WHAT TO PRODUCE:
Without copying any picture, return all lines below exactly.

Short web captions

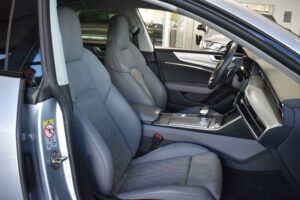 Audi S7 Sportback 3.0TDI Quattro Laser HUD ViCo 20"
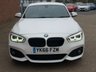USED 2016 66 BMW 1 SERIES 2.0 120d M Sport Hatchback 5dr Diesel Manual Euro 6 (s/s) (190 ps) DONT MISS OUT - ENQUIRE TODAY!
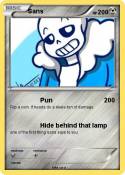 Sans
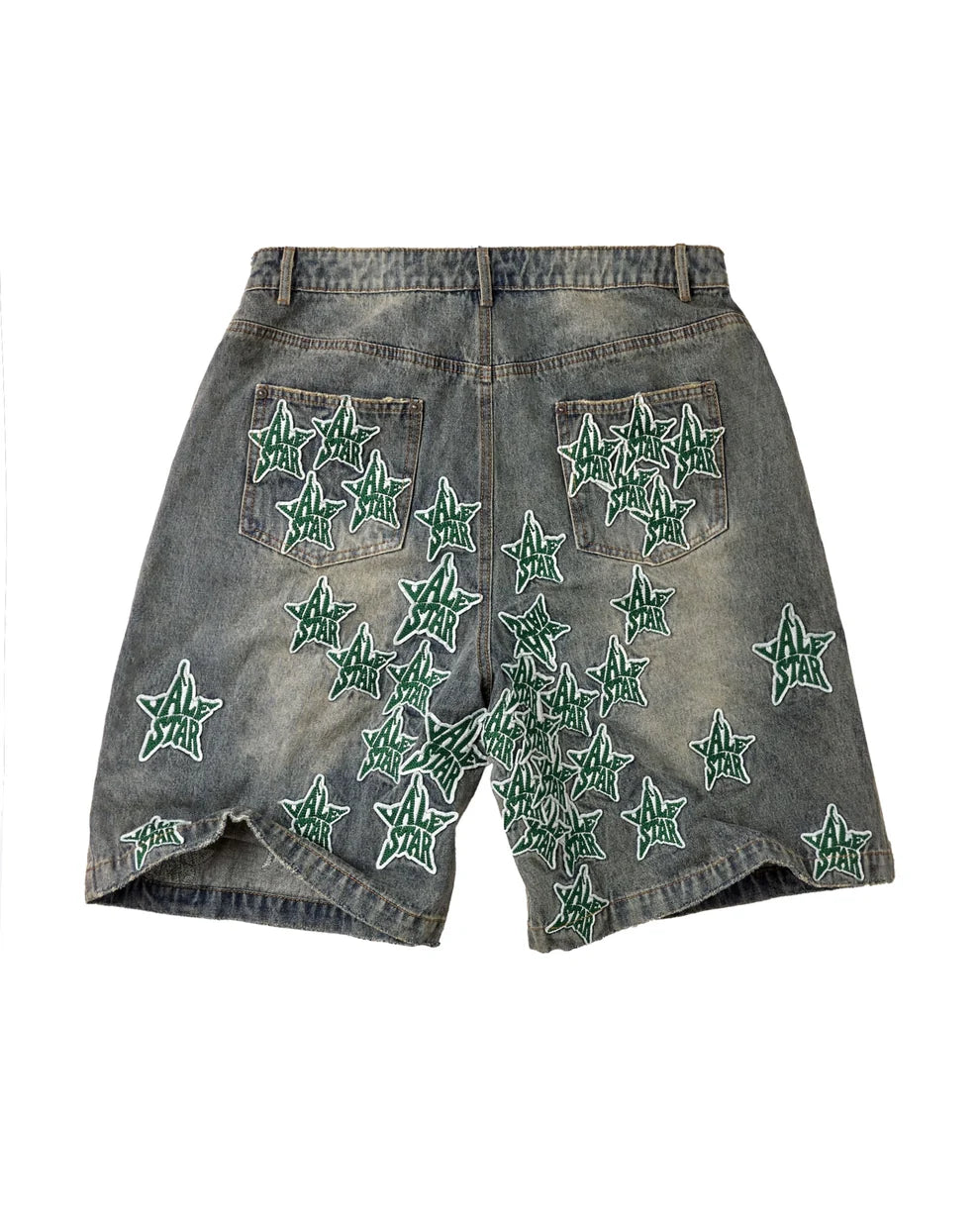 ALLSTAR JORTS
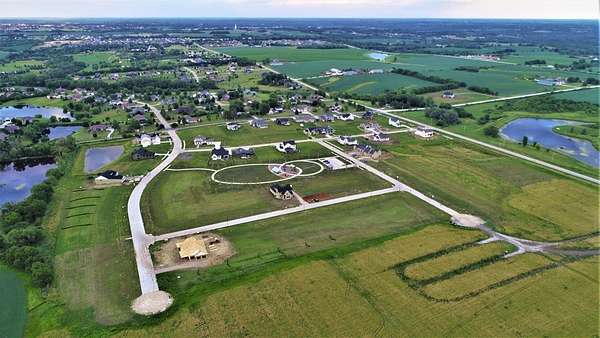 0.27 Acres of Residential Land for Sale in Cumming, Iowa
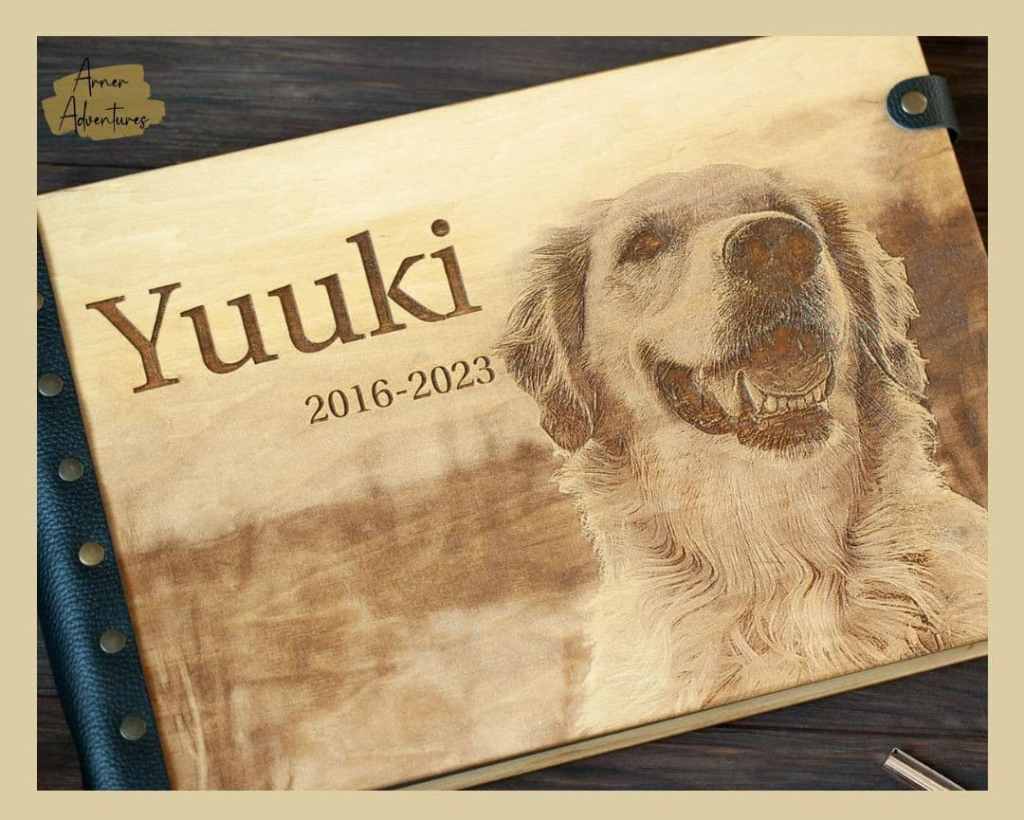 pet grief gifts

YOUR SOLUTION:
 Audi S7 Sportback 3.0TDI Quattro Laser HUD ViCo 20"
USED 2016 66 BMW 1 SERIES 2.0 120d M Sport Hatchback 5dr Diesel Manual Euro 6 (s/s) (190 ps) DONT MISS OUT - ENQUIRE TODAY!
 Sans
 ALLSTAR JORTS
 0.27 Acres of Residential Land for Sale in Cumming, Iowa
 pet grief gifts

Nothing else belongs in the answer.